The Descriptor by Descriptor by Code Application/Weight chart has many options for drilling even deeper into variations across population subgroups. These ‘nested’ or ‘cross-tab’ display charts allow for examination of the qualitative data and coding/weighting activity based on two descriptor fields. The example below shows the average weight assigned to excerpts coded with ‘Reading by Mother' across ‘Mother Primary Language’ within ‘Mother Work Status’ subgroups. These charts can expose variation in value, sentiment, importance, quality, etc. (anything you have used the weighting system to represent) across various levels in the overall population. In the example, we see an interesting interaction pattern with variations in the levels of primary caretaker reading quality as a function of mother language and work status (i.e., excerpts were rated generally higher for not working moms who are bilingual or English speaking but full or part-time working moms who speak Spanish).

Example: Descriptor x Descriptor x Code Weight Chart Analyze img 11

Code Weight Frequency by Descriptor Field

The Code Weight Frequency by Descriptor Field Chart allows for a focus on the code weight distribution across descriptor field categories. The following example is based on the ‘Reading by Mother’ code and the ‘General Home Language’ descriptor field. The resulting chart shows clusters of excerpts tagged with ‘Reading by Mother’ across the weight scale and broken out by the home language descriptor field sub-groups. These displays can help communicate complex patterns and provide easy access to subsets of excerpts meeting specific sub-group and weight level criteria.

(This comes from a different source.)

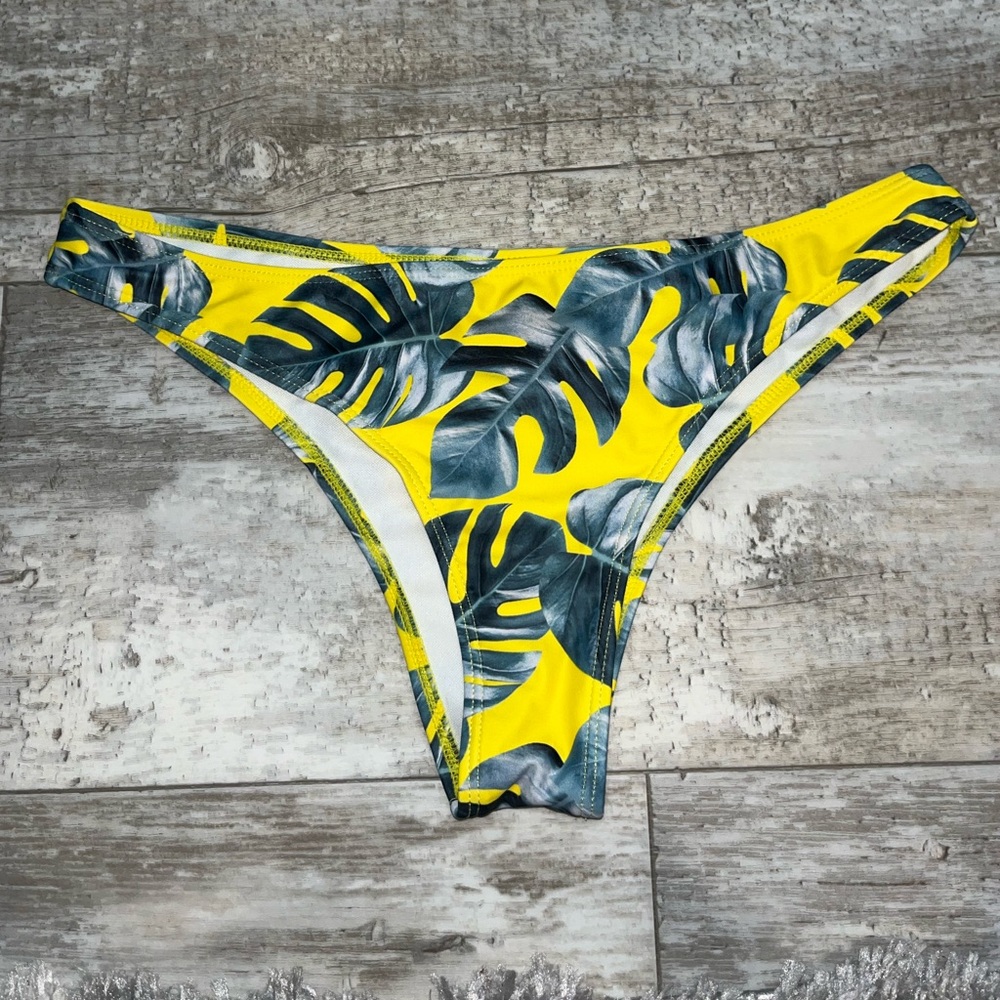 Bikini Bottom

Example: Code Weight Frequency x Descriptor Field Chart Analyze img 12

The Code Weight Frequency by Descriptor Field charts is a prime example of how mixed methods can expose important patterns in research data. Well-designed code weight systems are ‘grounded’ in the underlying qualitative data—they are based on investigator defined variation within the sample population. When such systems are clearly defined and reliably applied, they:

  • Help generate clear illustrations of how coded qualitative content is distributed across the weighting system
  • Represent quantitative distributions of cases within the sample population across code applications, i.e., defining and exposing patterns of specific code application across the sample—providing both numerical information on cases based on the code’s content and a ‘grounded’ appreciation for each level of the weight system
  • Expose descriptor sub-group variation in the weighting assigned to each code application
  • Provide numerical representations of qualitative content that can be exported for use in other quantitative analysis.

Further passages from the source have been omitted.